While I was harvesting pecans, I was also taking advantage of that beautiful November Saturday to make my Bluebird house rounds. I would rather do this annual chore now, in the sunshine and mild wind, traipsing up and down the hills through the tall grass, before the world gets cold and breezy again.
I'm pleased to report that 11 of 19 boxes, were occupied by Bluebirds this year, a record for me. Eight of the eleven were boxes of my own North American Bluebird Society-approved design. Of course, many of you remember the hatch group that I watched closely this year, raised in this nest (to the right) as it looks now and pictured during their growth period (below to the left). If you haven't seen them before, this is a pretty typical nest for a bluebird, perhaps even a little on the cushy side.
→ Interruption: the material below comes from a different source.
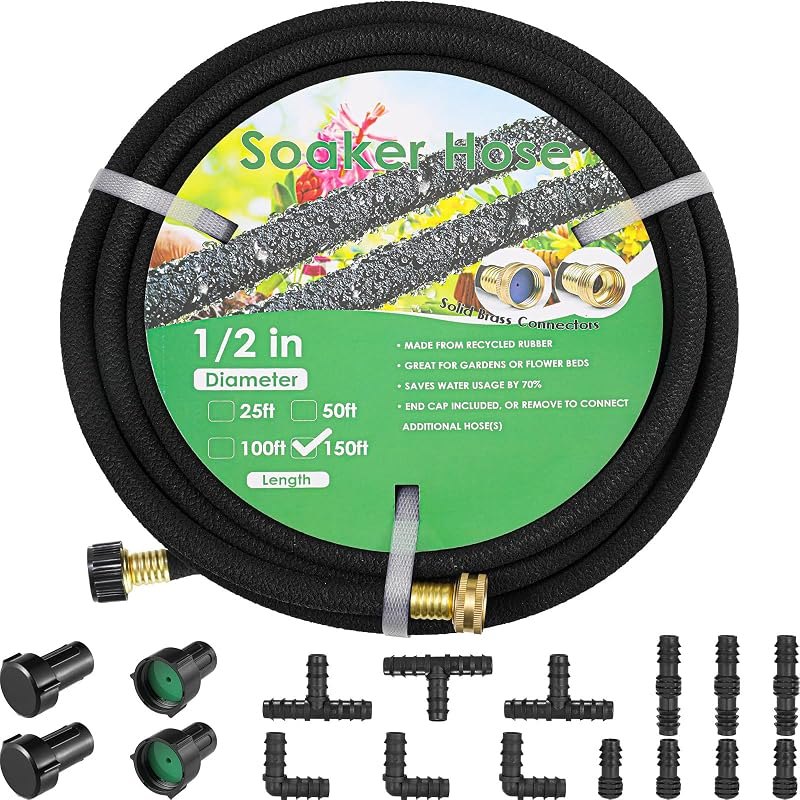 MAMIZO Soaker Hose Kit 150 Ft 1/2" Brass Connectors Heavy Duty Water Saving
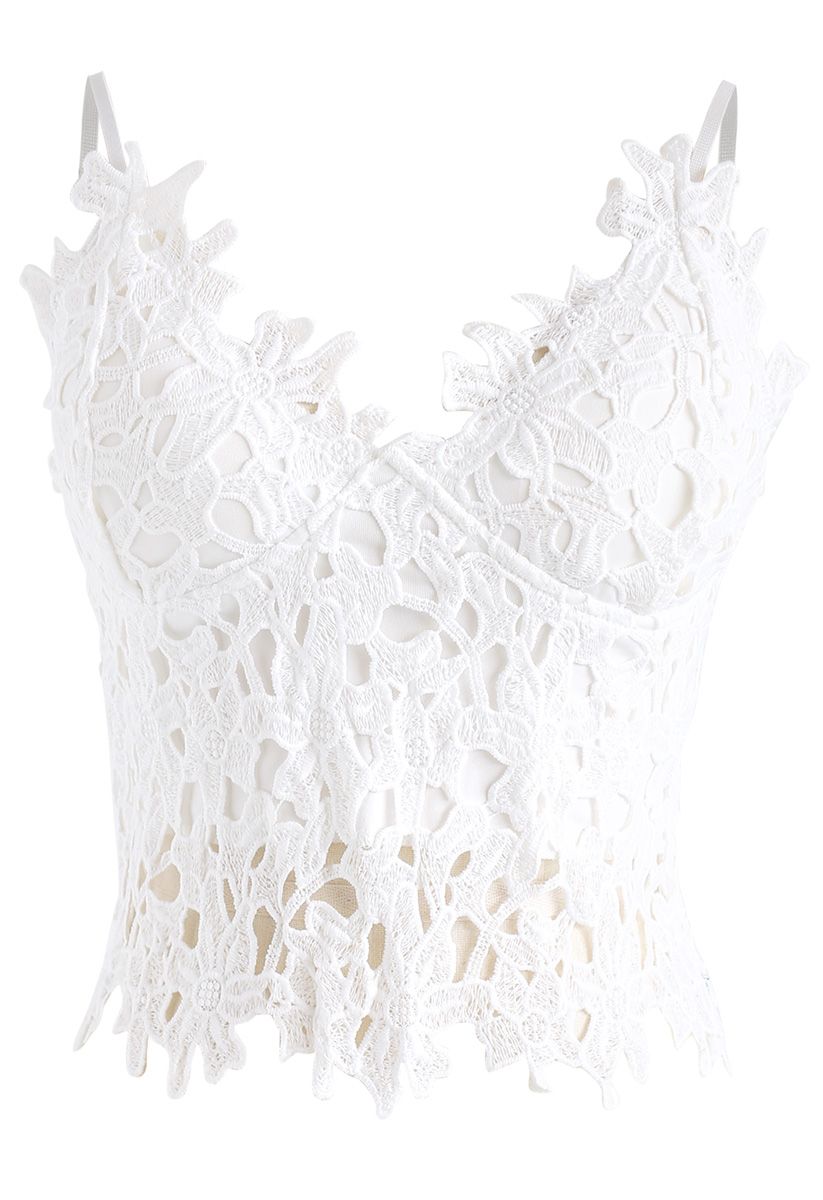 Full Flower Crochet Cami Crop Top in White - Retro, Indie and Unique ...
Eastern Bluebirds are not, by any anthropomorphic comparison, very good architects and they seldom place more than an inch of unorganized grass in the bottom of their boxes, varying a little upon the depth of the box cavity.
Of the other eight boxes, two were completely unoccupied and six were occupied by whatever species in my area fills the entire box, top to bottom, with small twigs (House Wren?) The latter six boxes were all close to the border of the trees in the draw. I had placed them along that border but facing the open prairie, thinking that the Bluebirds would like the sites, but the Bluebirds seem to be drawn to boxes out in the middle of the grasses, on fence posts. Since Bluebirds often start nesting in early February in this area, I presume they've got first choice on most of these boxes and are leaving the boxes around the woods and ponds for others. I think this year I will move some of the woodline boxes out farther into the fields just to make sure I've got a surplus of Bluebird-approved housing in the area.
I have to be a bit careful, however, of my site selection. I've found that the donkey's like to rub the boxes left within their reach, often to the point of knocking them down, so I've moved several boxes to the opposite side of the fence from the donkeys or into corners where the little brown asses will have trouble getting at them. Ding and Dong must not like Bluebirds as much as I do.